The myth about Adam Smith and his use of a metaphor in three quite different circumstances and adds to the substitution of science by mumbo-jumbo’.

Variously, users of the metaphor credit it with semi-conscious powers (quite good for a disembodied invisible hand), affecting all transactions indiscriminately, even when the participants pursue selfish and evil ends – a sort of utopia dominated by naïve optimism, associated with Panglossian ideas, sometimes related to religious ideas about God’s providence.

In the economic theory of general equilibrium – finally proven mathematically in the 1950s – exponents often drift off the mathematics and resort to the metaphor of the invisible hand, which is fine, of course. After all, the metaphor was quite popular in literature in the 18th century (and from long before in classical times), but it often was to do with murderous scenes, interventions by the gods and God, and mysterious things that ‘go bang in the night’.

But it was not Adam Smith’s allusion, particularly.
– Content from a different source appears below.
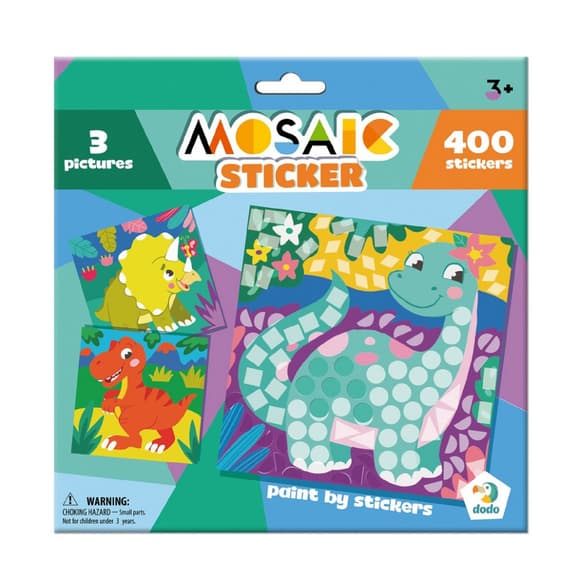 Дитячий набір для творчості мозаїка "Динозаври" 300898 зі стікерами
Three references in a million words – none of them to do with how markets work – makes its use and attribution somewhat of an exaggeration, convenient may be, because it gives the prestigious gloss of a renowned figure in the history of economics to a pure. modern theory of an imaginary world without real humans present, but also dangerous, as recent events show leading to a financial crisis.

Remember the context (always remember context!) in the 1930s when Chicago University faculty introduced their oral allusion to the economy being guided by an ‘invisible hand’. This was the decade of the twin scourges of National Socialism and Soviet Communism coinciding with the Great Depression. Capitalism was under challenge and the notion of a superiority of the market dominated USA guided by the peaceful, amazing, and pacifistic “Adam Smith’s invisible hand”, unlike the state-managed systems of Germany and Russia, guided by the bloody fists of Gauleiters and Commissars, was attractive to nationals and refugee immigrants together.
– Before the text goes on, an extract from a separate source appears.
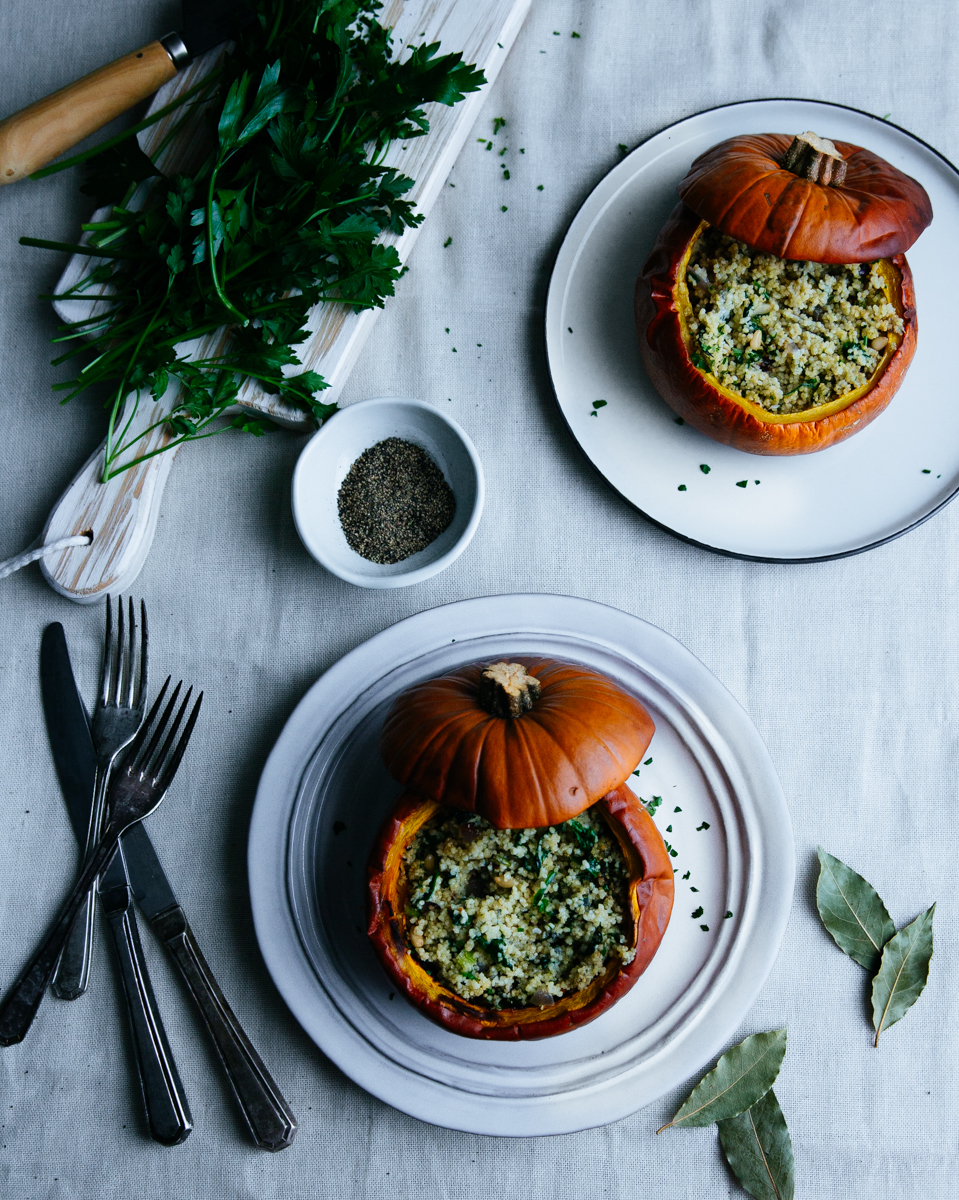 Baked pumpkins, stuffed with couscous, blue cheese & pine nuts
Fast forward to the late 1940s, and Oscar Lange and Paul Samuelson, both from Chicago in the 1930s, each introduced the invisible hand, linked by name to Adam Smith into the literature of economics. Samuelson’s economics 101 textbook, Economics, published in 1948 and then through 18 editions, and translations, became an educational phenomenon across campuses worldwide. Its Keynesian macro-economics exuded confidence in capitalism and markets and responded to the needs of the West during the Cold War years with the Soviet Union.

Hardly noticed too, was the item on page 36 (1st edition), proclaiming, if cautiously to be sure, the metaphor of the invisible hand, which also spread across the discipline and took on a life of it own as each instructor interpreted it to suit. By the end of the century, the invisible hand, transformed from a metaphor into a ‘theory’, ‘ a concept’, even a ‘paradigm’, and was generally believed to be embedded in Wealth Of Nations and to be central to Adam Smith’s analysis of how markets work.
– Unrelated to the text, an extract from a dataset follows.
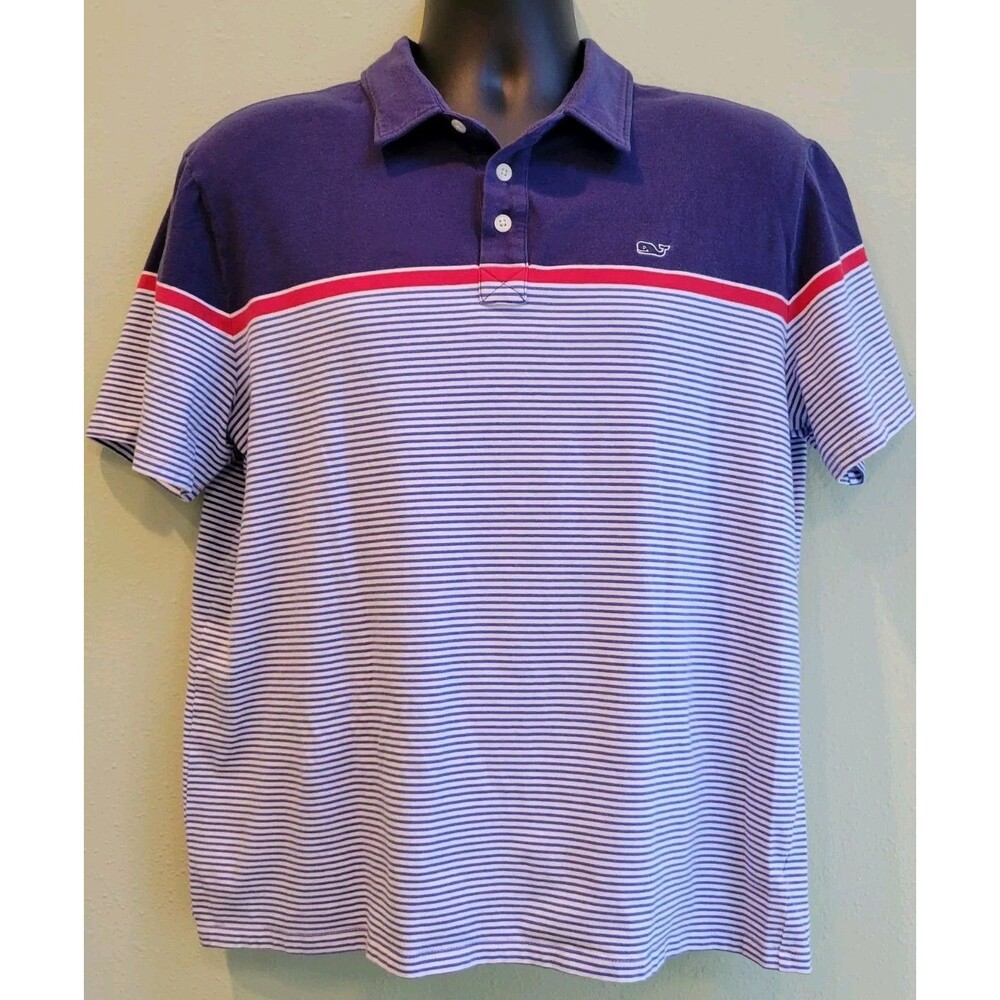 Vineyard Vines Men's Polo Shirt Navy White Red Stripe Short Sleeve Logo | Size L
Few economists ever bothered to read Wealth Of Nations for themselves and to see how and where Smith used the metaphor, and in what context. They were taught, and believed, that Smith gave it a major role in markets, and because they were confined to the quotation in which he talks generally of ‘every individual’ seeking to make use of his capital to maximise his profit and how this produces the best result for society, they repeat the connection with disciple-like intensity whenever anybody challenges this interpretation.

Armed with these certainties, they accord to markets powers and consequences which they never had: the power to produce the ‘best of all possible worlds’ irrespective of the intentions, or the limited goals, of entrepreneurs and corporations. Some capitalist econoimies work better than others; some cannot even get started.

Currently, in the present crisis, scores of former-disciples of the invisible hand are rejecting markets (and Adam Smith) with the haste of those woken up to the crash of their illusions and what they have been taught and taught themselves.

Yet, if the went back to Wealth Of Nations and actually read the whole chapter, or even paragraphs 1 to 9 of Chapter 2, Book IV, they would see, perhaps for the first time, that Adam Smith fully explains the behaviours of some – NOT all – traders by their degree of risk avoidance in their decision to invest locally or in foreign trade with the British colonies in North America, or the European continent. Their actions are driven by their ‘own security’; those less insecure than others engaged in foreign trade and those more insecure than others engaged in local trade.

In what way are they ‘led by an invisible hand’ to do what their degree of insecurity compels them to do anyway? I have never had a direct answer to that question in all the years of the Lost Legacy Blog.